UPDATED: Tue., June 1, 2021

WASHINGTON – U.S. construction spending rose a modest 0.2% in April as strength in housing offset further weakness in nonresidential construction.

The April increase followed a much stronger 1% gain in March, which was revised up from an initial estimate of a slight 0.2% advance. The April increase pushed construction to a seasonally adjusted annual rate of $1.52 trillion in April, 9.8% higher than a year ago, the Commerce Department reported Tuesday.

Through the first four months of this year, construction activity is 5.8% higher than the same period in 2020.

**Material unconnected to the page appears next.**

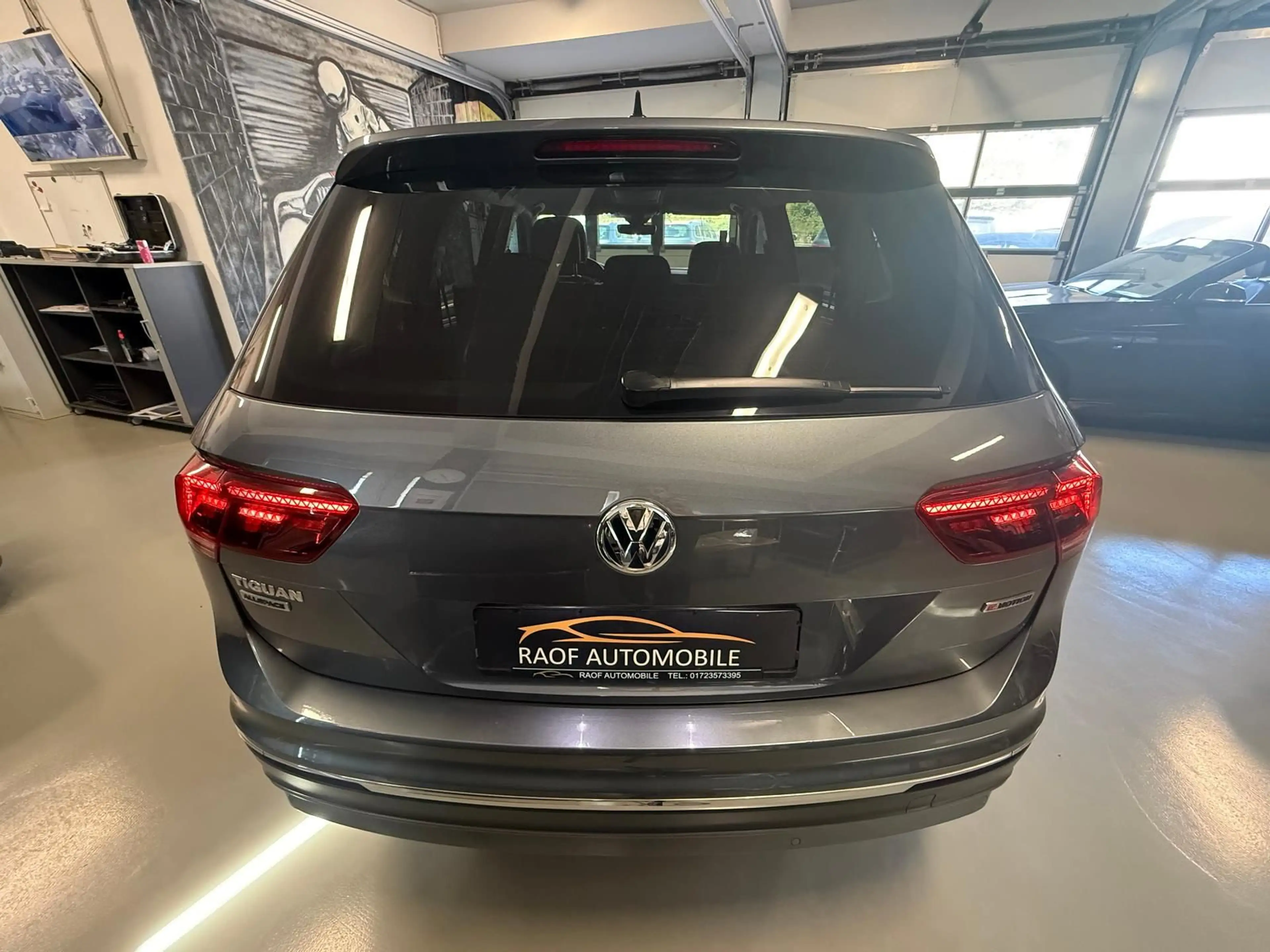 Volkswagen Tiguan Allspace 2.0 TDI Highline 4Motion 7SITZER — photo 7
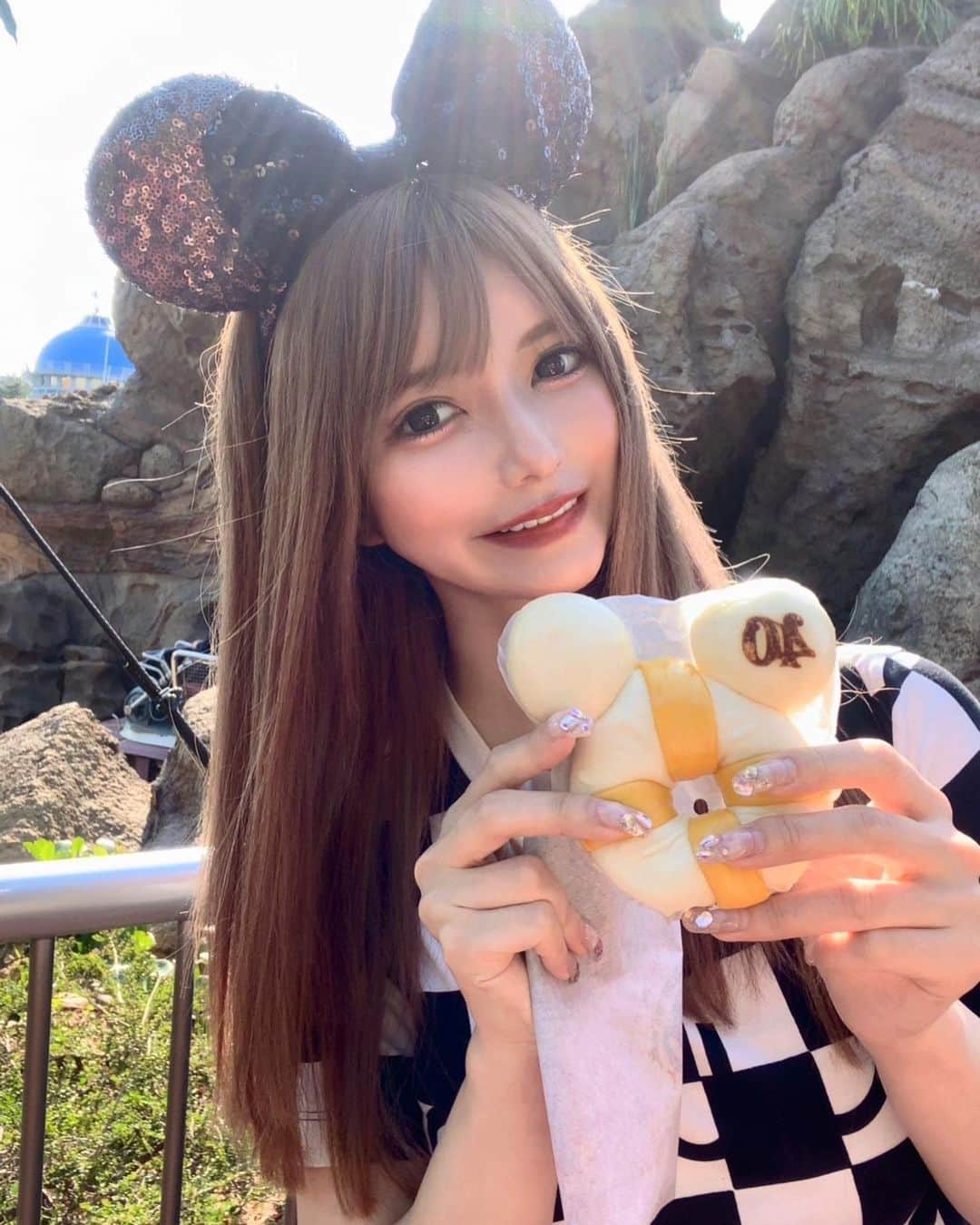 五十嵐美咲のインスタグラム：「ディズニーデート楽しかった💕 ありがとーっゥ🫶💚 夢の国から闇の国の歌舞伎町に 直行しました🤣わら  #ディズニー #ミニーちゃん #夢の国 #💚」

Home building, a standout performer over the past year, rose 1% in April and is now 29.7% higher than a year ago, underscoring how strong home construction has been in the past year. Construction of single-family homes was up 1.3% in Aril and apartment construction rose 1.9%.

Nonresidential construction fell 0.5% in April and is 4.8% below the level of a year ago. With the lockdowns over the past year, developers have struggled with cancellations of commercial projects as businesses had more employees work from home. That is a trend many see continuing, reducing the need for more office space.

J&J talc product appeal rejected

WASHINGTON – The Supreme Court is leaving in place a $2 billion verdict in favor of women who claim they developed ovarian cancer from using Johnson & Johnson talc products.

The justices did not comment Tuesday in rejecting Johnson & Johnson’s appeal. The company argued that it was not treated fairly in facing one trial involving 22 cancer sufferers who came from 12 states and different backgrounds.

A Missouri jury initially awarded the women $4.7 billion, but a state appeals court dropped two women from the suit and reduced the award to $2 billion.

The jury found that the company’s talc products contain asbestos and asbestos-laced talc can cause ovarian cancer. The company disputes both points.

Johnson & Johnson, which is based in New Brunswick, New Jersey, has stopped selling its iconic talc-based Johnson’s Baby Powder in the U.S. and Canada, though it remains on the market elsewhere.